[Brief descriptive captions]
= = = =

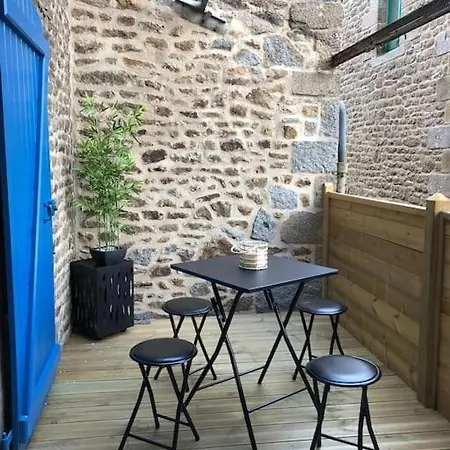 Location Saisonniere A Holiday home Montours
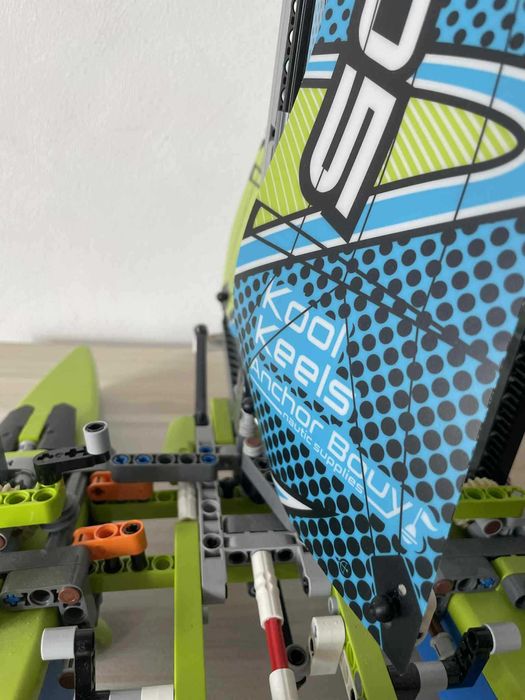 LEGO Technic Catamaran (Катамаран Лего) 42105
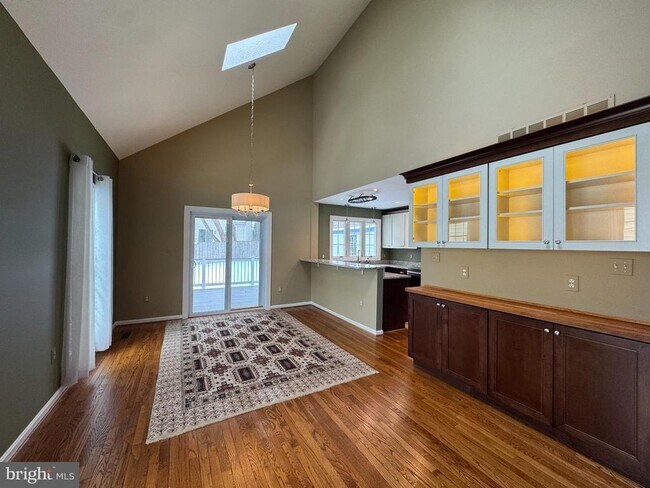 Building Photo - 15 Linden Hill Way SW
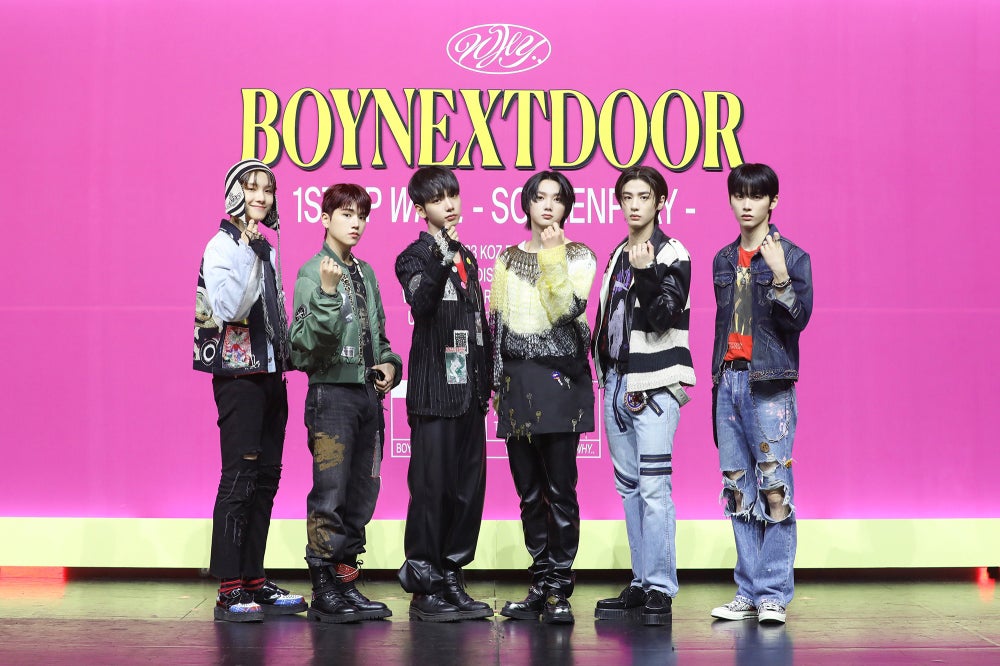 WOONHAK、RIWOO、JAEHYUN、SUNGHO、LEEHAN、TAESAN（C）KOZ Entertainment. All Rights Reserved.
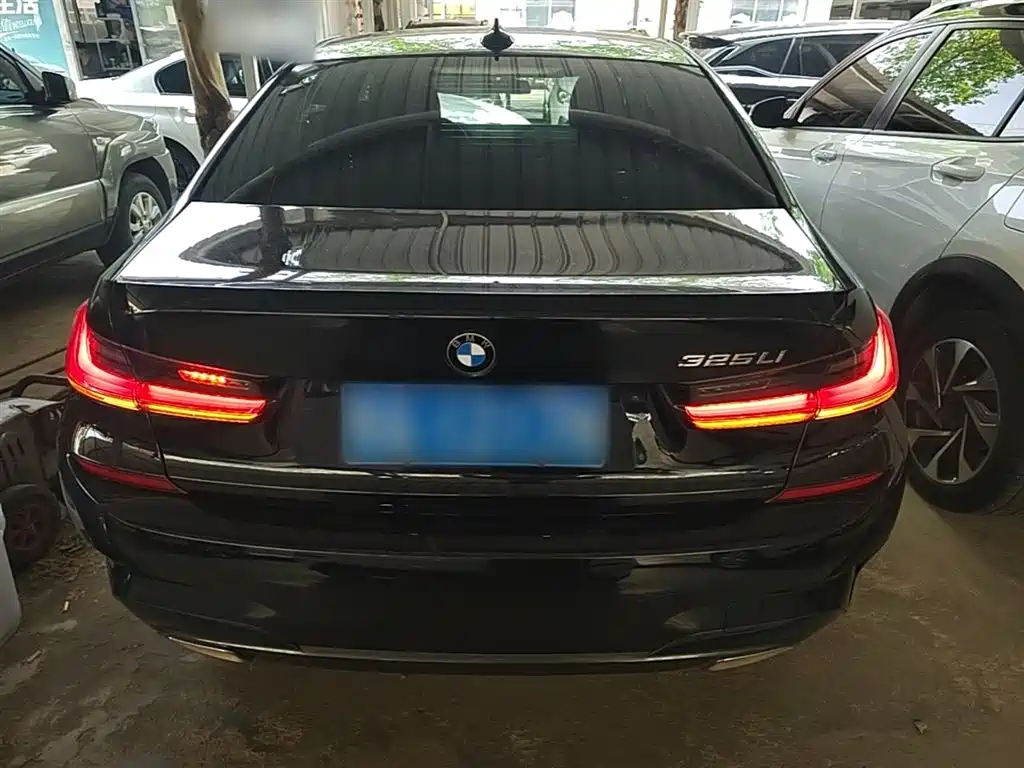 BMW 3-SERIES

= = = =

AIM OF THE TASK: Reproduce exactly the lines from the one containing "LEGO Technic Catamaran" through the last line of the records, both included, leaving out every picture.

SOLUTION TO THIS PROBLEM:
 LEGO Technic Catamaran (Катамаран Лего) 42105
 Building Photo - 15 Linden Hill Way SW
 WOONHAK、RIWOO、JAEHYUN、SUNGHO、LEEHAN、TAESAN（C）KOZ Entertainment. All Rights Reserved.
 BMW 3-SERIES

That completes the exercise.